As far as the exogenous circumstances are concerned, consistent with the economic theory and previous studies, poorer countries tend to grow faster; countries located in the tropical climate and far away from the world’s biggest markets tend to grow slower than otherwise-similar countries in different locations; countries with higher proportions of coastal population grow faster; and, controlling for all other variables, countries that possess subsoil assets tend to grow faster. In other words, when natural resource abundance does not lead to greater corruption and various forms of rights violations and inefficiencies, it leads to growth.

Conclusions

New empirical evidence suggests that fundamental freedoms are paramount to explain long-term economic growth. For a given set of exogenous conditions, countries that favour free choice – economic freedom and civil and political liberties – over entitlement rights are likely to achieve higher sustainable economic growth and to achieve many of the distinctive proximate characteristics of success identified by the Commission on Growth and Development (2008). In contrast, pursuing entitlement rights through greater state coercion is likely to be deceptive or self-defeating in the long run.

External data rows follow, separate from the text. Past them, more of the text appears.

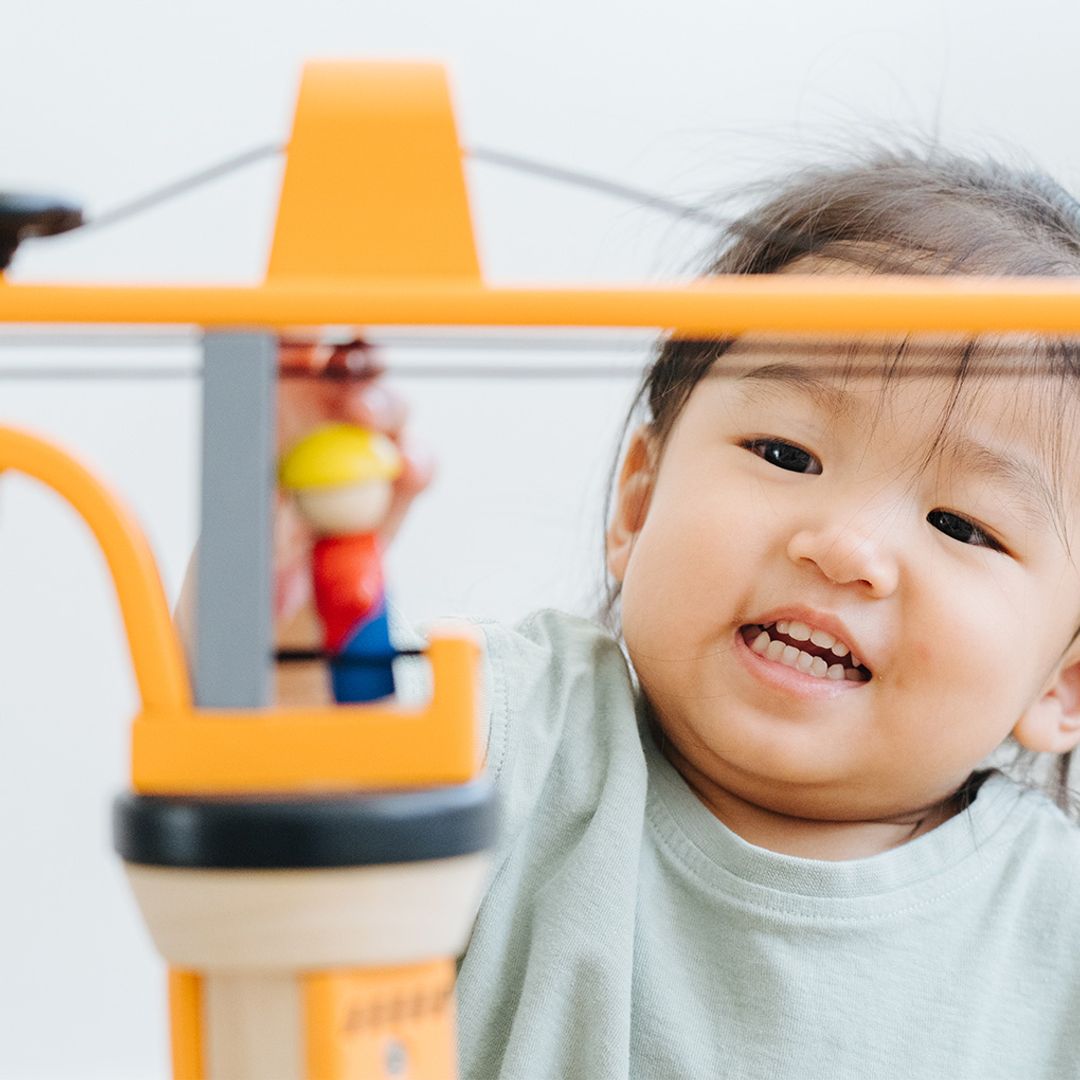 PlanToys Crane Set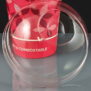 60001 Domed PLA Lids
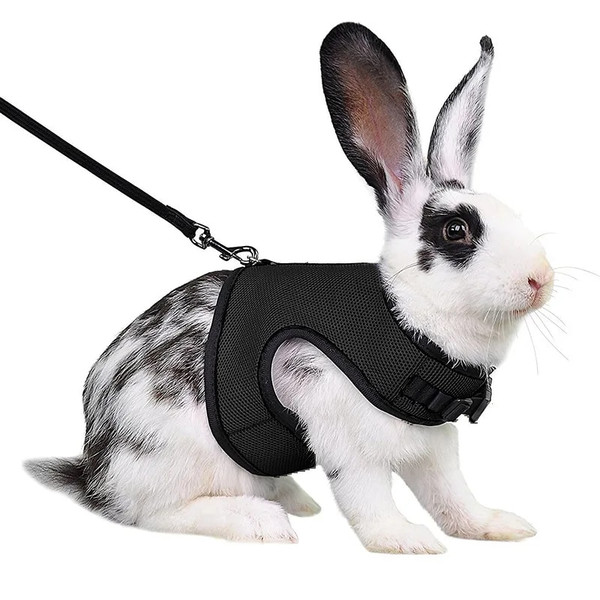 lHbMAdjustable-Soft-Harness-with-Elastic-Leash-for-Rabbits-Harness-Bunny-Vest-Harness-Suit-for-Ferret-Kittn.jpg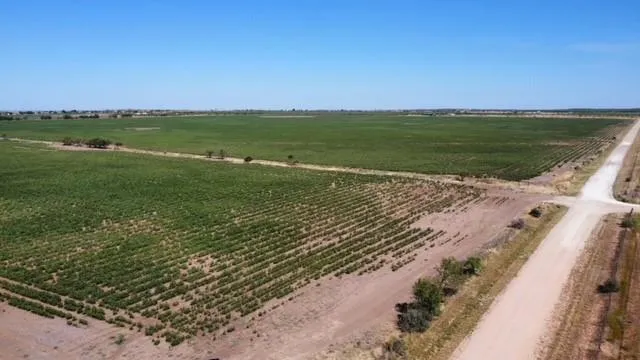 a view of an ocean and beach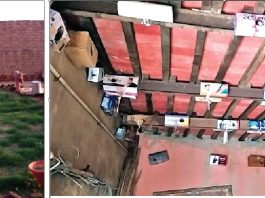 World Sparrow Day Special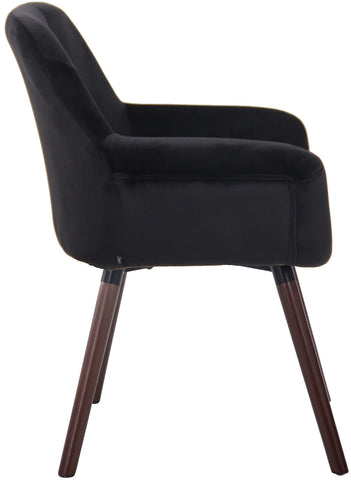 TPFLiving Esszimmerstuhl Cassy Samt Gestell Buchenholz Walnuss TPFLiving Esszimmerstuhl Cassy Samt Gestell Buchenholz Walnuss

These findings provide potentially important policy lessons for all countries. For developed countries, they suggest that prioritising economic freedom over social entitlements could be an effective way to reform the welfare state and make it more sustainable and equitable in the long run. For middle-income countries (such as countries in the midst of the Arab Spring and countries in Asia and Latin America), they indicate that the quest for civil and political rights and for economic freedom could create the conditions for new social contracts. For low-income countries, they provide an opportunity to reflect on the achievements under the Millennium Development Goals and the potential role that economic freedom and other fundamental freedoms could play in a post-2015 development agenda.

References

Acemoglu, Daron, Simon Johnson, and James A Robinson (2004), “Institutions as the Fundamental Cause of Long-Run Growth”, NBER Working Paper 10481.

Chauffour, Jean-Pierre (2009), The Power of Freedom: Uniting Human Rights and Development, Cato Institute.

Chauffour, Jean-Pierre (2011), “On the Relevance of Freedom and Entitlement in Development: New Empirical Evidence (1975–2007)”, Policy Research Working Paper 5660, World Bank.

Commission on Growth and Development (2008), The Growth Report: Strategies for Sustained Growth and Inclusive Development, World Bank.

Easterly, William (2001), The Elusive Quest for Growth: Economists’ Adventures and Misadventures in the Tropics, MIT Press.

Friedman, Milton (1962), Capitalism and Freedom, University of Chicago Press.

North, Douglass C and Robert P Thomas (1973), The Rise of the Western World: A New Economic History, Cambridge University Press.